Instructions for the task: Without including any pictures, copy every line below exactly.

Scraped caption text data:
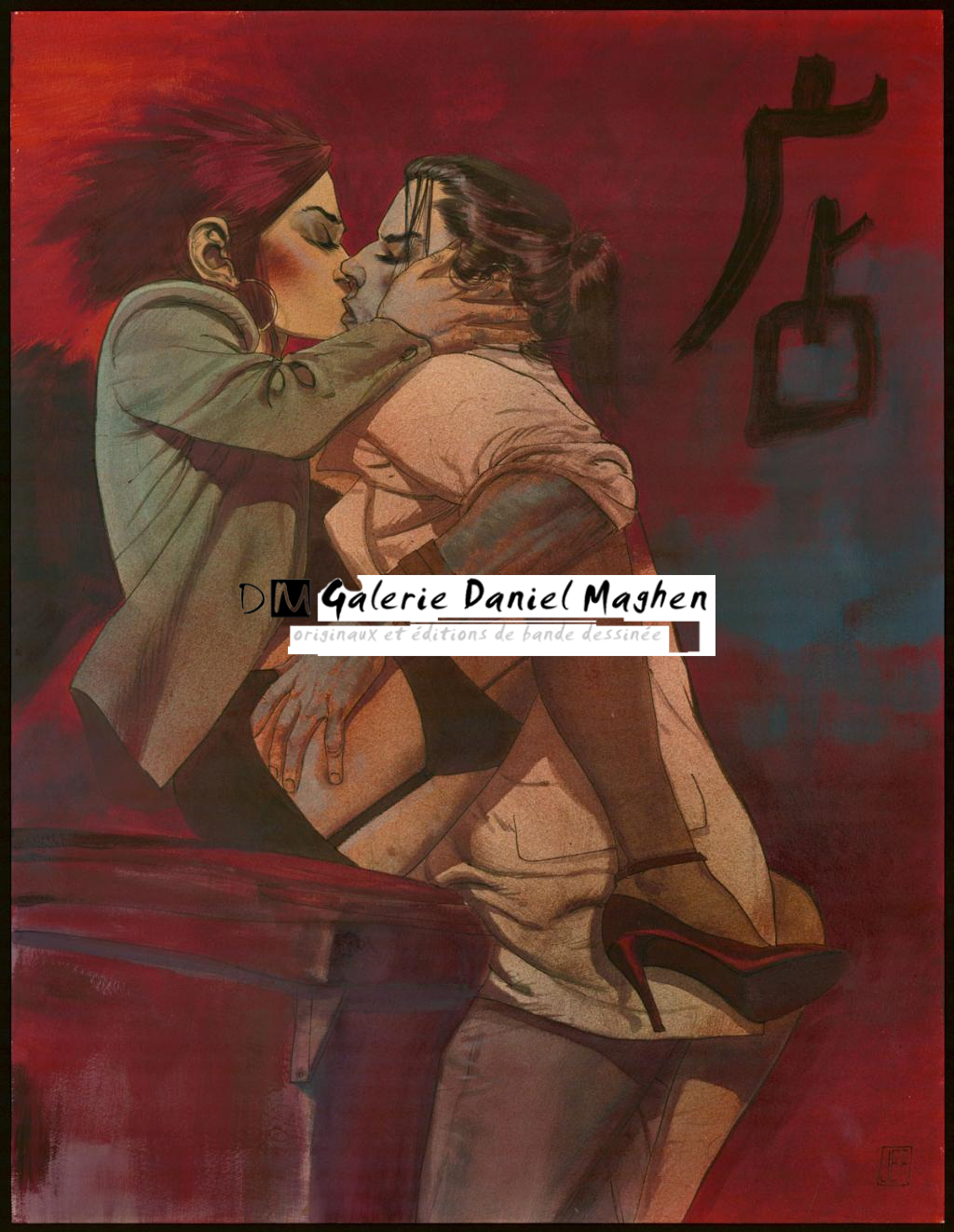 Illustration originale - bd réalisée d'après une idée de Walter Hill - Jef - Technique mixte - 3933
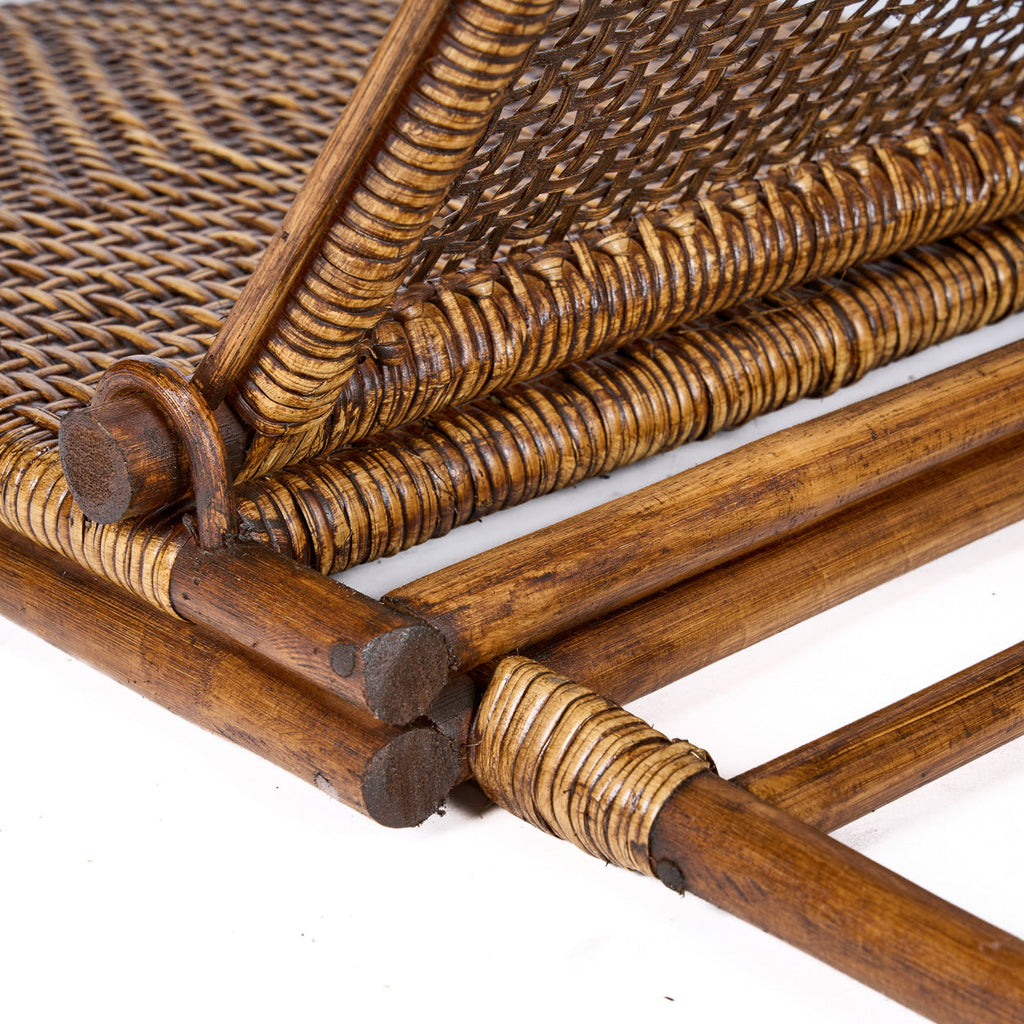 Colonial Floor Lounger Rattan - Dark Walnut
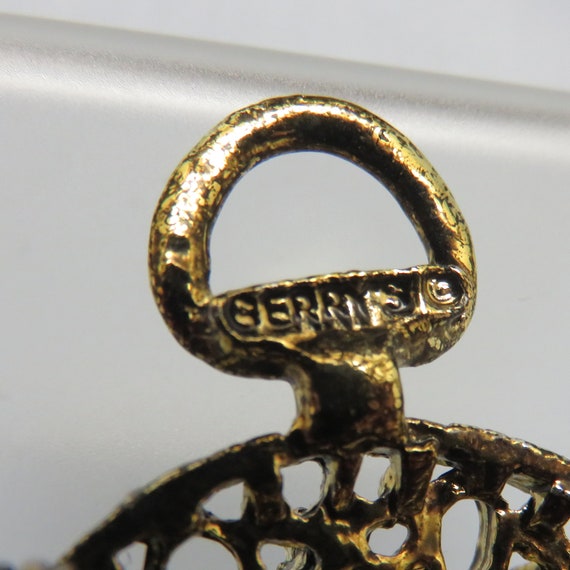 Vintage Gerry's Faux Pocket Watch Brooch, Rhinest… - image 5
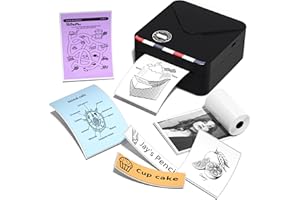 ‎PHOMEMO Phomemo M02S 300 DPI Thermodrucker, Taschendrucker Mini Drucker für Handy, Kompatibel mit 15, 25, 53 mm Papier, ideal für Studium, Scrapbooking, Fotos, Geschenke (Schwarz)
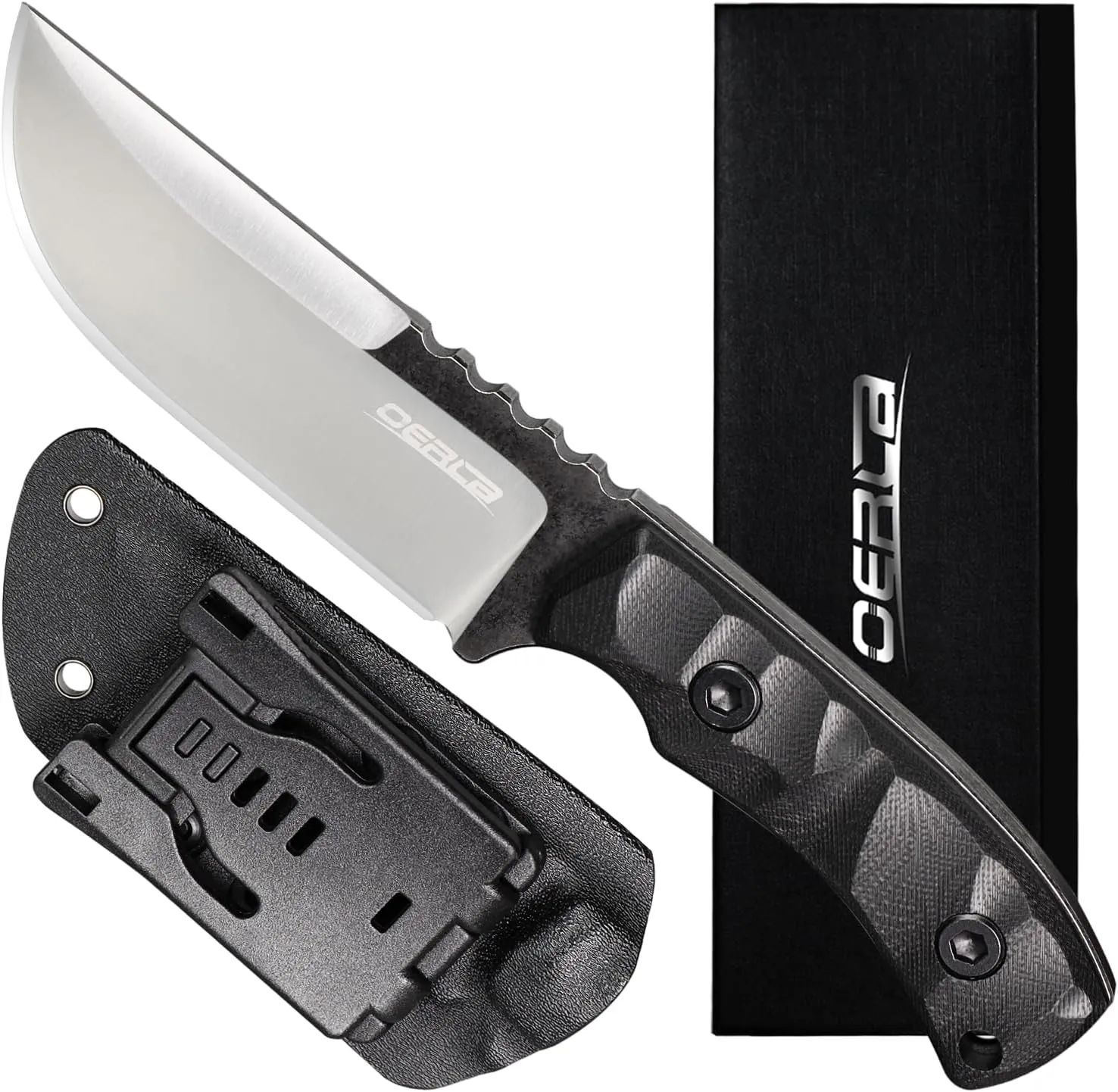 OERLA TAC TF-0017 Thunder Flash Fixed Blade Outdoor Duty Straight Knife - 420HC Stainless Steel Field Knife with G10 Handle, Waist Clip, EDC Kydex Sheath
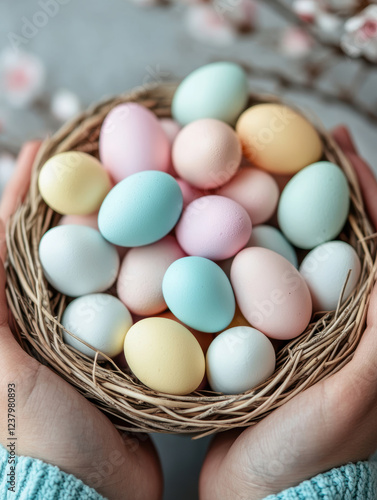 Wallpaper Mural Pisanki , coloured Easter eggs. AI generative. Torontodigital.ca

Answer:
 Illustration originale - bd réalisée d'après une idée de Walter Hill - Jef - Technique mixte - 3933
 Colonial Floor Lounger Rattan - Dark Walnut
 Vintage Gerry's Faux Pocket Watch Brooch, Rhinest… - image 5
 ‎PHOMEMO Phomemo M02S 300 DPI Thermodrucker, Taschendrucker Mini Drucker für Handy, Kompatibel mit 15, 25, 53 mm Papier, ideal für Studium, Scrapbooking, Fotos, Geschenke (Schwarz)
 OERLA TAC TF-0017 Thunder Flash Fixed Blade Outdoor Duty Straight Knife - 420HC Stainless Steel Field Knife with G10 Handle, Waist Clip, EDC Kydex Sheath
 Wallpaper Mural Pisanki , coloured Easter eggs. AI generative. Torontodigital.ca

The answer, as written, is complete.